In a recent Detroit Free Press op ed John Austin writes about a Michigan Future report he and I worked on entitled Revitalizing Michigan’s Central Cites: A Vision and Framework for Action. The report was published in 2003.
As John writes:
We said a grand political bargain needed to be made … The basic deal was this: City officials would need to make tough political decisions — namely, changing the way basic public services are delivered to be at the same quality and the same cost as those of their surrounding suburbs, and the development of a measurement system to hold them accountable; and regionalizing or incorporating many public services that could be managed more effectively or efficiently at the county, regional or state level (think transit and parks systems). In return for these changes, the state would establish Michigan’s urban cities as the priority for a variety of investments in infrastructure, housing, parks and public safety. In other words, the governor and state would wheel up some heavy financial artillery toward investing and building up core cities. They would also promise that regionalization of services and tax base had to be coupled with a tangible improvement in the quality of services provided to current residents of central cities — meaning any trade of “control” would be met with clearly enhanced services.
Obviously nothing like that happened in 2003 or in the years since. By and large actions at the state, regional and local levels have made things worse –– particularly in Detroit. Far too many central cities didn’t make the tough political choices to balance their budgets and reorganize to provide higher quality services at a competitive cost. And the state and regions didn’t make central cities a priority for public investment.
In fact state policy has made it harder to provide quality services and amenities the last decade –– particularly the last two years –– with revenue sharing cuts, transportation spending cuts and formulas that are anti urban/anti transit, property tax cuts and limitations, and the elimination of the brownfield and historic preservation tax credits.

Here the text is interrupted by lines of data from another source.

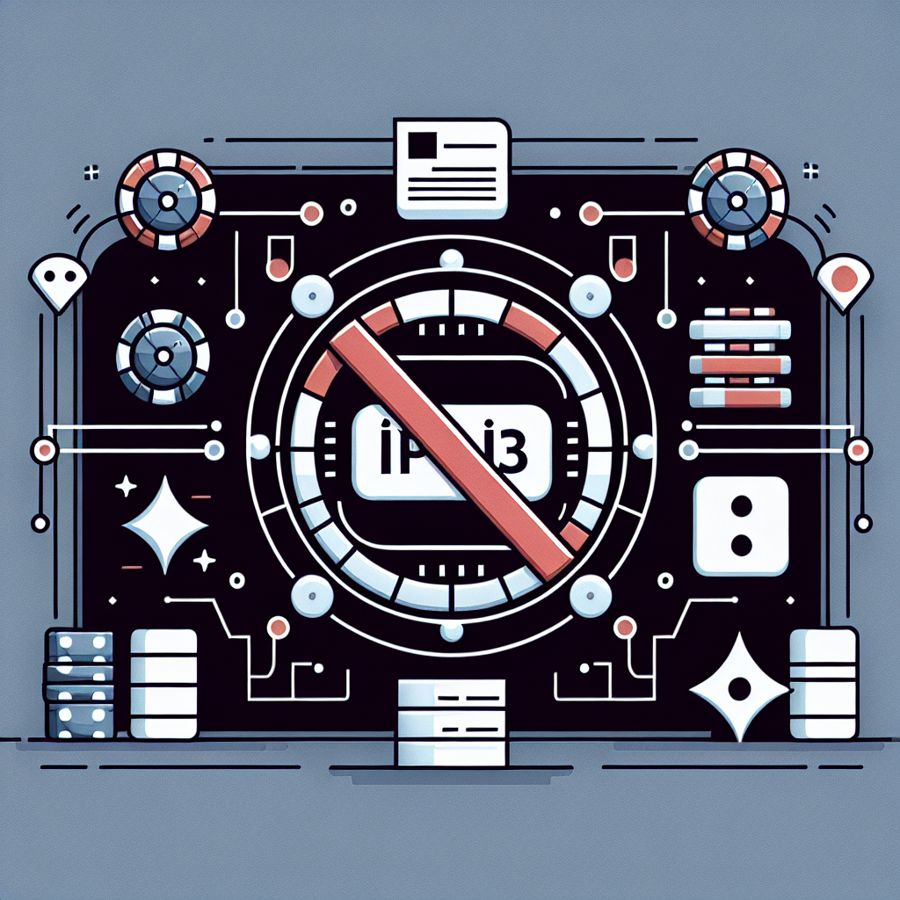 Bahis Sitelerinde IP Kısıtlaması Nedir, Neden Uygulanır?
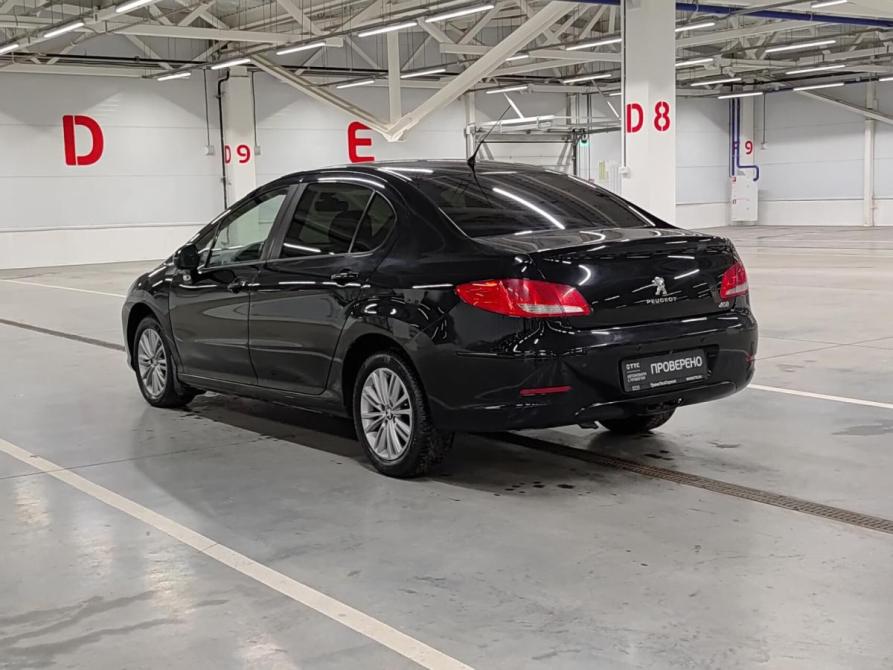 Peugeot 408 I Казань  - изображение 8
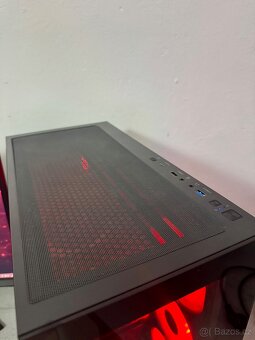 VÝKONNÁ HERNÍ SESTAVA R5 5600X/32GB RAM/RTX 3070/1TB SSD - 4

So the predictable happened: our central cities continued to depopulate and too many of them ran out of money. What has changed since 2003 is the importance of vibrant central cites to regions and state. More so today that a decade ago strong central cities, which are attractive places to live particularly to young mobile talent, are a central ingredient to prosperous regions and states.

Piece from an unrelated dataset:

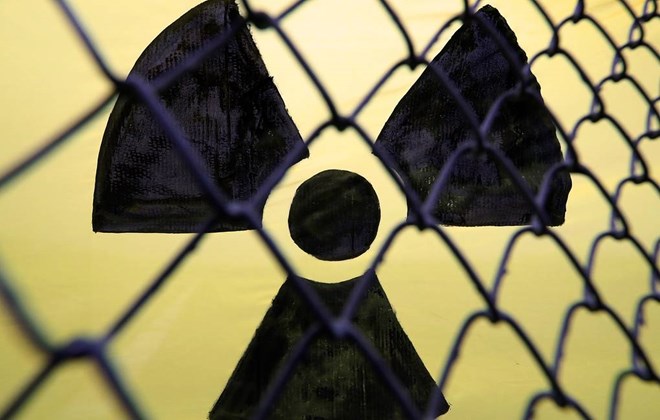 The lifting of the nuclear arms ban marks a major change in Finland's security stance. Photo: TASS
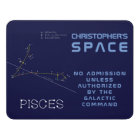 Zodiac Constellation Pisces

The fix remains the same: we need central cities which are able to provide quality services at reasonable costs and we need more investment from the state and regions to make our central cities attractive places to live, work and play. These need to be done simultaneously: its not just structurally balanced budgets or structurally balanced budgets first and then we will consider state and regional investments. But both/and. Our central cities need to be responsibly managed and we need the state and regions to make vibrant central cities a priority.